Audio mastering engineers have felt increasing pressure over the years to master recordings at ever increasing loudness levels as compared to other contemporary recordings, by way of dynamic compression, peak limiting, and hard clipping.

This pursuit of loudness adds distortion, reduces fidelity and ultimately impairs audio quality.

When radio stations play the already compromised audio from contemporary music through their typical FM processing chains, this confluence of degradation causes serious audio quality issues on air.

Besides leading to listener fatigue, this can even be mistaken for poor reception by listeners, ultimately causing tune-out.

When pre-distorted contemporary recordings are encoded through typical perceptual codecs, the codecs end up wasting bits trying to faithfully encode the distortion components, in lieu of the original audio.

This paper shall examine what the music typically endures when broadcast on FM, and how that understanding led to the invention of the “undo” algorithm, which is applicable to both the broadcasting and recording industries, and automatically repairs some or most of the damage caused by these mastering techniques by adaptively de-clipping and de-compressing the mastered recordings.



For the past three decades, FM broadcasters have been engaged in what have become known as the “loudness wars”, using ever-advancing FM audio processors to make their stations sound louder than the competition on the dial while still (presumably) operating within legal modulation limits.

During an A/B comparison between two different audio sources, listeners tend to prefer the louder of the two, even if audio quality is somewhat reduced.

Even loudness differences as small as 0.1dB, which are imperceptible as a whole, can still impart differences to fullness, warmth, and clarity, which the listeners in turn perceive as a more favorable sound.

FM modulation imposes physical and electrical limitations which limit peak waveform excursion.

If additional loudness is desired when the signal is already at its maximum, something has to give.
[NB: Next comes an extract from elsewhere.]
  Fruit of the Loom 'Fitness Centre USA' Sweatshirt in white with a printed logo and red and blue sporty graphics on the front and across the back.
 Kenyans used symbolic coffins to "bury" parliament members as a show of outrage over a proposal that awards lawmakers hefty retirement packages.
In the case of an FM signal, what gives is the top of the waveform, which is quite literally sheared off in a process known as “clipping”.

Depending upon the particular processor employed, the use of clipping can provide additional loudness without excessively degrading the audio, or can increase loudness but at the cost of introducing audible artifacts and distortion.
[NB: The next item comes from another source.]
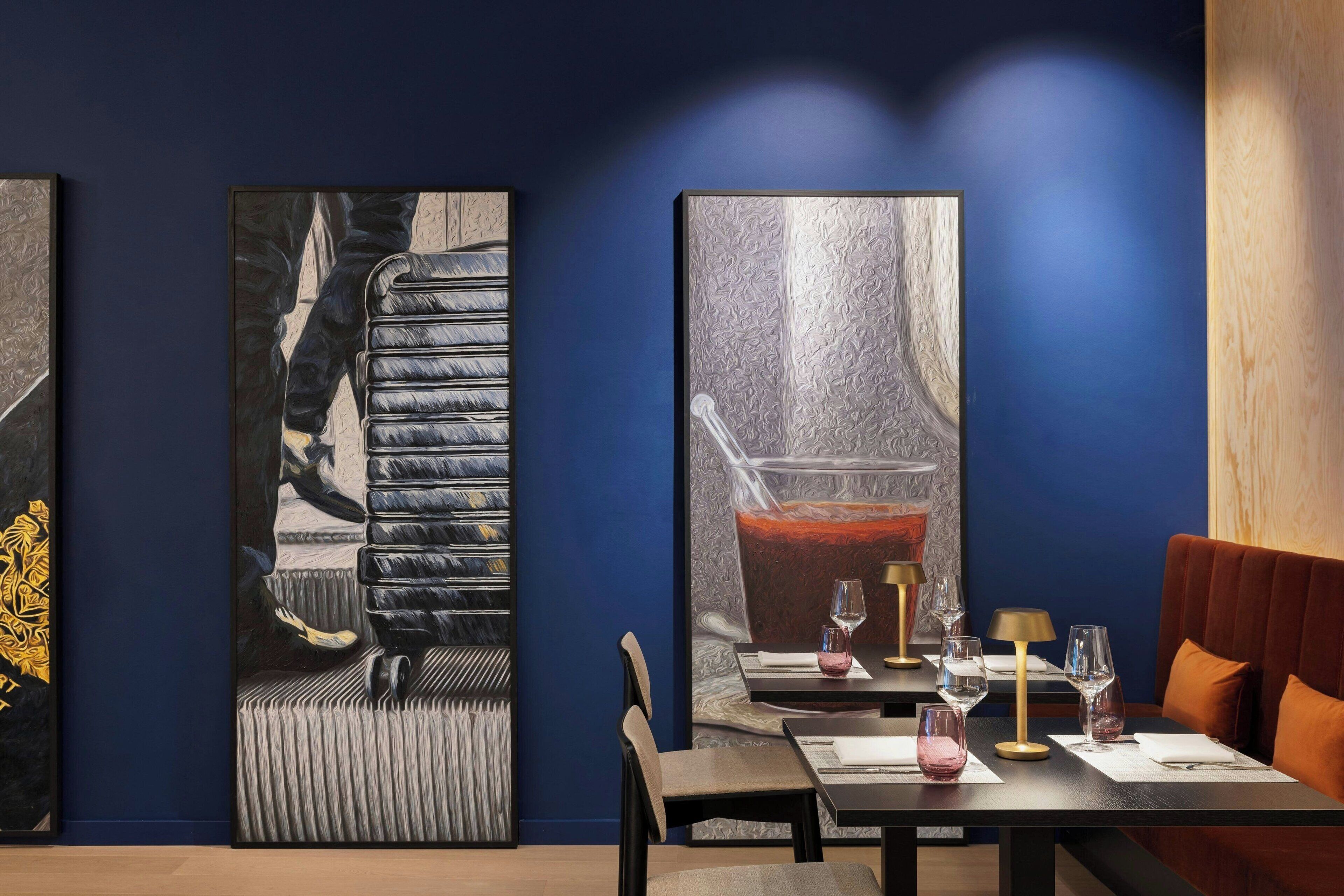 A dining area with a table set for two, two large paintings on the wall, and a wooden panel on the right.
To a certain extent, then, one can see where the FM loudness wars – at least in their infancy – were somewhat understandable: Stations wanted to be perceived as clear and powerful to make an impression when scanning up and down the dial.
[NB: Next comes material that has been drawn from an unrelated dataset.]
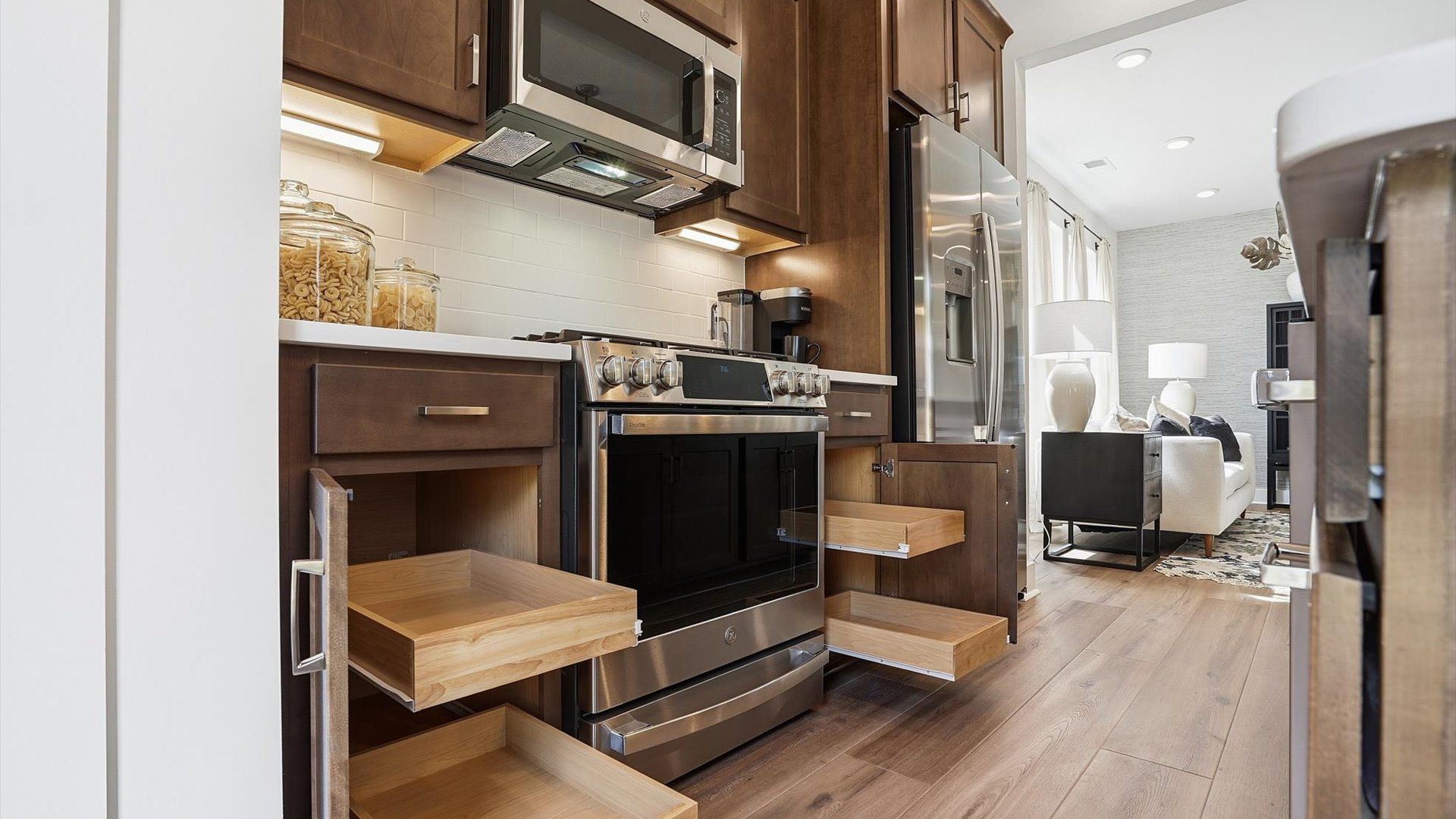 Vibrant kitchen layout with abundant storage, refined finishes, and open-concept flow located at Marion Square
As is so often the case with such things, this power was quickly abused as stations continued to increase the amount of processing and chased one another around in an effort to be the absolute loudest signal in the market with no regard for audio quality.


Like an FM modulated signal, other analog and digital mediums have similar limitations that dictate waveform excursion.

During the process of recording, mastering, or mixing records, various techniques are used to reduce the peak-to-average ratios of signals such as dynamics compression, limiting, overdriving analog-to-digital converters, and hard digital clipping.

While these techniques do not cause significant problems when used judiciously, the loudness wars have crept into the studio over the past 10 to 15 years, particularly in the recording of popular music, which now has virtually no dynamic range.

Instead of music going from quiet to loud it goes from clean to distorted with a resulting brick-shaped waveform.

Such recordings have a busy, flat, and lifeless sound right out of the studio, a situation that is only made worse when the content passes through a typical FM air chain where it undergoes further dynamic range compression and clipping.

The result is nearly unlistenable audio that invites listeners to tune out.